• PROBLEM STATEMENT
Word for word, copy out the entries below, but not the pictures in them.

(Stored data)
_ _ _ _ _ _ _

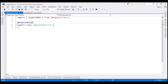Angular recommends that whether your service has dependencies or not, to always decorate it with the @Injectable decorator for consistency and future-proofing. For example, tomorrow if you want to inject a dependency into your service, you already have the injectable decorator, so all you have to do is inject the dependency. Angular recommends to always use the @Injectable decorator, whether your service has a dependency or not.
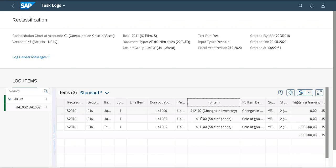This is an elimination activity between the consolidation unit and the partner consolidation unit. In this way, we can eliminate the intercompany sales between the consolidation unit and the partner consolidation unit. I hope this will help you to understand the elimination process in S4HANA group reporting 2020.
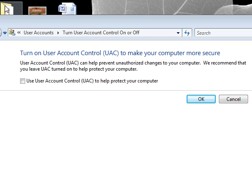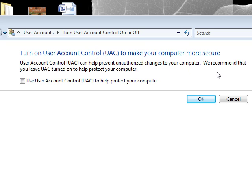Then after clicking, this will appear and it will say Turn on User Account Control to make your computer more secure.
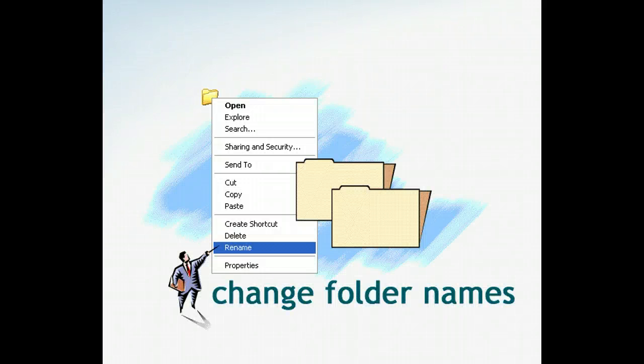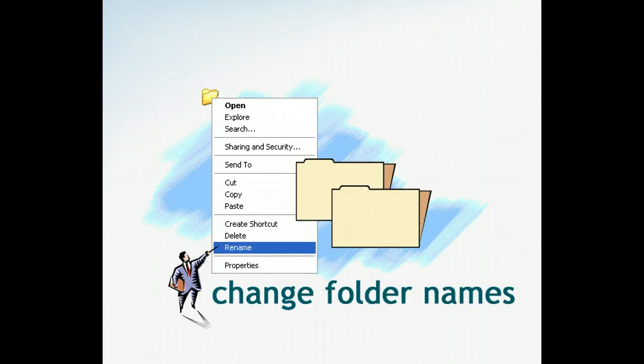You can be very descriptive with folder names when you create them. But what do you do if you want to change the name of a folder? Fortunately, it's easy to rename folders in Windows no matter where they're located.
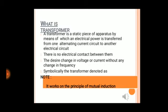What is a transformer? A transformer is a static piece of apparatus by means of which electrical power is transferred from one alternating current circuit to another electrical circuit, with no electrical connection between them. It achieves the desired change in voltage or current without any change in frequency. Symbolically, the transformer is denoted as a node. It works on the principle of mutual induction.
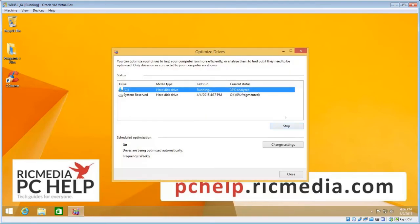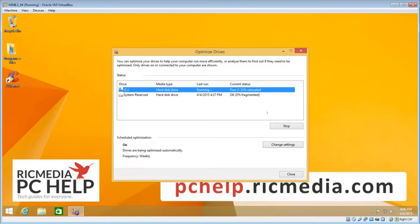That will start defragmenting your system drive, and it can take anywhere from about 30 minutes up to 3 or 4 hours depending on how many files or how full the disk is and what size it is too.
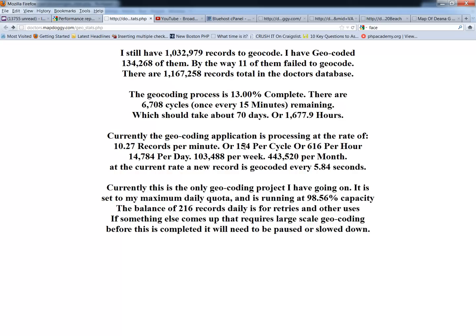I've got how many run per cycle, how many run per day, how many run per week, month, and how often is a record updated. A record is updated once every 5.84 seconds.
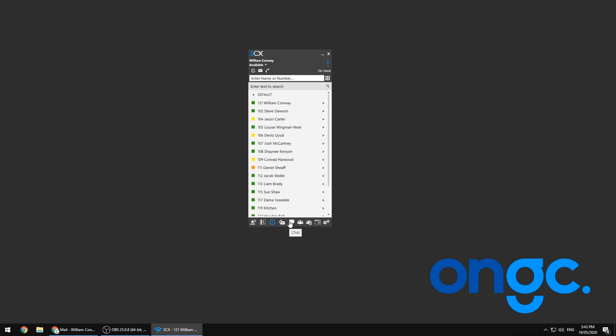This completes our brief look at installing and configuring the 3CX Windows desktop client. Be sure to check out more of our instructional videos to ensure that you're getting the most out of your 3CX phone system.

_ _ _ _ _ _ _

• THE ANSWER
Angular recommends that whether your service has dependencies or not, to always decorate it with the @Injectable decorator for consistency and future-proofing. For example, tomorrow if you want to inject a dependency into your service, you already have the injectable decorator, so all you have to do is inject the dependency. Angular recommends to always use the @Injectable decorator, whether your service has a dependency or not.
This is an elimination activity between the consolidation unit and the partner consolidation unit. In this way, we can eliminate the intercompany sales between the consolidation unit and the partner consolidation unit. I hope this will help you to understand the elimination process in S4HANA group reporting 2020.
Then after clicking, this will appear and it will say Turn on User Account Control to make your computer more secure.
You can be very descriptive with folder names when you create them. But what do you do if you want to change the name of a folder? Fortunately, it's easy to rename folders in Windows no matter where they're located.
What is a transformer? A transformer is a static piece of apparatus by means of which electrical power is transferred from one alternating current circuit to another electrical circuit, with no electrical connection between them. It achieves the desired change in voltage or current without any change in frequency. Symbolically, the transformer is denoted as a node. It works on the principle of mutual induction.
That will start defragmenting your system drive, and it can take anywhere from about 30 minutes up to 3 or 4 hours depending on how many files or how full the disk is and what size it is too.
I've got how many run per cycle, how many run per day, how many run per week, month, and how often is a record updated. A record is updated once every 5.84 seconds.
This completes our brief look at installing and configuring the 3CX Windows desktop client. Be sure to check out more of our instructional videos to ensure that you're getting the most out of your 3CX phone system.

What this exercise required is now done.